Today, I’m speaking with the expert behind The Communication Doc – someone who doesn’t just teach communication… she actually lives it every day.

Dr Melissa Cancel has a PhD in Communication and over 30 years of experience. She’s helped so many couples work through arguments, understand each other better, and feel close again.

She shows us that good relationships aren’t easy… they’re built with the right skills.

In this interview, she shares simple, powerful tips to help you talk better, argue less, and feel like a team again – even when life with kids feels messy and overwhelming.

Over to Dr Melissa Cancel…

1. Why does your relationship suddenly feel harder after kids?

Kids demolish a marriage routine.

When a couple marries, they start the challenging process of blending their two, often very different, lives into one.

All kinds of adjustments have to be made to the routines each has developed while single – from small things like using the same toothpaste and coordinating shower schedules to larger issues like sharing finances and sleeping in the same bed or room.

When a baby comes, many of these routines are disrupted or demolished altogether. Add to that the all-encompassing attention a baby requires, and the couple is left feeling disrupted, attention-deprived, and exhausted.

My husband had children from a previous marriage, so we only had our “honeymoon phase” every other week after we were married.

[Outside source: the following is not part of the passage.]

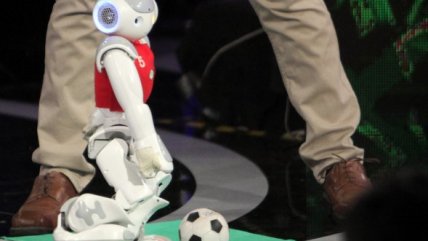   Robot futbolista sorprendió en el Congreso del Futuro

Then, 18 months into the marriage, I had my son. I had a reaction to the epidural, resulting in a migraine for the first two weeks, which worsened every time I nursed him.

This, combined with caring for three additional kids every other week and working full-time, left me dazed and just “existing.”

What I’ve found is that this feeling can often continue for the first couple of years, leaving couples out of touch, frustrated, and feeling more like “parents” than partners.

2. What are the most common mistakes couples make after having a baby?

This is where things quietly start to fall apart…

The most common communication mistakes I see couples make after having a baby fall into two camps – blaming each other for not fulfilling expectations and a lack of clear communication about feelings, needs, and routines.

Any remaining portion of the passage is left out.